Image preprocessing and the design of input layers
Normalization is a crucial preprocessing step for a CNN, just like for any feed forward networks. Image data is complex. Each image has several pixels of information. Also, each pixel is a source of information. We need to normalize this pixel value so that the neural network will not overfit/underfit while training. Convolution/subsampling layers also need to be specified while designing input layers for CNN. In this recipe, we will normalize and then design input layers for the CNN.
How to do it...
Create ImagePreProcessingScaler for image normalization:
1.
DataNormalization scaler = new ImagePreProcessingScaler(0,1);
Create a neural network configuration and add default hyperparameters:
2.
MultiLayerConfiguration.Builder builder = new
NeuralNetConfiguration.Builder().weightInit(WeightInit.DISTRIBUTION )
.dist(new NormalDistribution(0.0, 0.01)) .activation(Activation.RELU)
.updater(new Nesterovs(new StepSchedule(ScheduleType.ITERATION, 1e-2, 0.1, 100000), 0.9))
.biasUpdater(new Nesterovs(new
StepSchedule(ScheduleType.ITERATION, 2e-2, 0.1, 100000), 0.9)) .gradientNormalization(GradientNormalization.RenormalizeL2PerLayer) // normalize to prevent vanishing or exploding gradients
.l2(l2RegularizationParam) .list();
Create convolution layers for a CNN using ConvolutionLayer: 3.

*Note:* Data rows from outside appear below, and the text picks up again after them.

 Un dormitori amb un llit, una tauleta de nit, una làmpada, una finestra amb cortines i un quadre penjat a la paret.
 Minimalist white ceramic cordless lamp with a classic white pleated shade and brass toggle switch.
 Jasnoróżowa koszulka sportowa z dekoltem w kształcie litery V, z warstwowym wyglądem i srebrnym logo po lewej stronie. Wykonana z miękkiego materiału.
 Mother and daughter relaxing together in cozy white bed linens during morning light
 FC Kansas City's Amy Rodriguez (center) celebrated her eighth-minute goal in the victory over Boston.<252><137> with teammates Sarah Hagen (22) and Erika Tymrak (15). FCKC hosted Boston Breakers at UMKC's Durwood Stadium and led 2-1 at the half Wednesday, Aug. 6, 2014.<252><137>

builder.layer(new ConvolutionLayer.Builder(11,11) .nIn(channels)
.nOut(96) .stride(1,1)
.activation(Activation.RELU) .build());
Configure subsampling layers using SubsamplingLayer: 4.
builder.layer(new SubsamplingLayer.Builder(PoolingType.MAX) .kernelSize(kernelSize,kernelSize)
.build());
Normalize activation between layers using LocalResponseNormalization:
5.
builder.layer(1, new
LocalResponseNormalization.Builder().name("lrn1").build());
How it works...
In step 1, ImagePreProcessingScaler normalizes the pixels in a specified range of values (0, 1) . We will use this normalizer once we create iterators for the data.

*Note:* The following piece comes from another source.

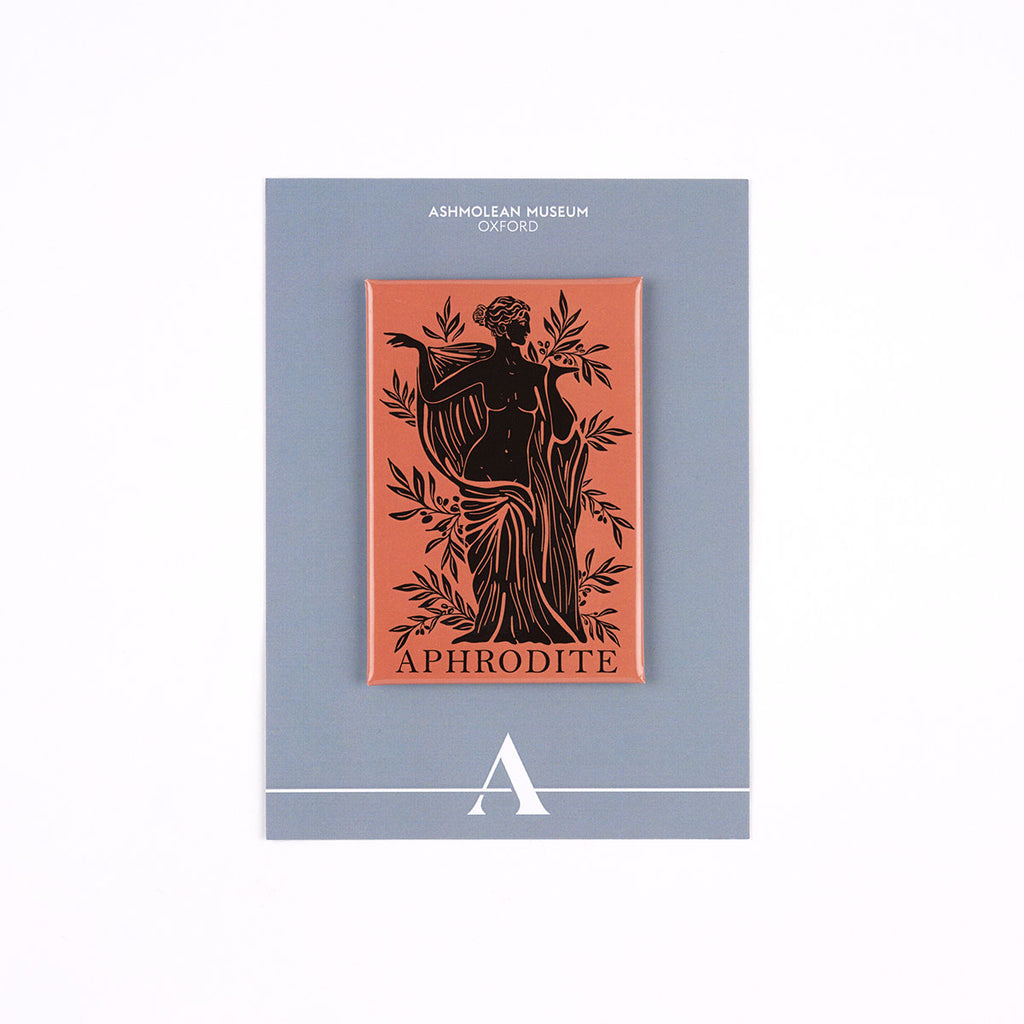 A rectangular pin featuring a black Art Nouveau illustration of a female figure on a terracotta background, mounted on a gray Ashmolean Museum Oxford display card.
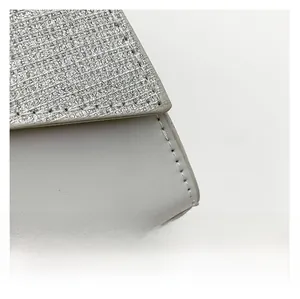 Detail shot of silver glitter fabric and white matte leather with clean stitching lines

In step 2, we have added hyperparameters such as an L2 regularization coefficient, a gradient normalization strategy, a gradient update algorithm, and an activation function globally (applicable for all layers).
In step 3, ConvolutionLayer requires you to mention the kernel dimensions (11*11 for the previous code). A kernel acts as a feature detector in the context of a CNN:
stride: Directs the space between each sample in an operation on a pixel grid.
channels: The number of input neurons. We mention the number of color channels here (RGB: 3).
OutGoingConnectionCount: The number of output neurons.
In step 4, SubsamplingLayer is a downsampling layer to reduce the amount of data to be transmitted or stored, and, at the same time, keep the significant features intact. Max pooling is the most commonly used sampling method. ConvolutionLayer is always followed by SubsamplingLayer.
Efficiency is a challenging task in the case of a CNN. It requires a lot of images, along with transformations, to train better. In step 4, LocalResponseNormalization improves the generalization power of a CNN. It performs a normalization operation right before performing ReLU activation
We add this as a separate layer placed between a convolution layer and a subsampling layer:
ConvolutionLayer is similar to a feed forward layer, but for performing two- dimensional convolution on images.
SubsamplingLayer is required for pooling/downsampling in CNNs.
ConvolutionLayer and SubsamplingLayer together form the input layers for a CNN and extract abstract features from images and pass them to the hidden layers for further processing.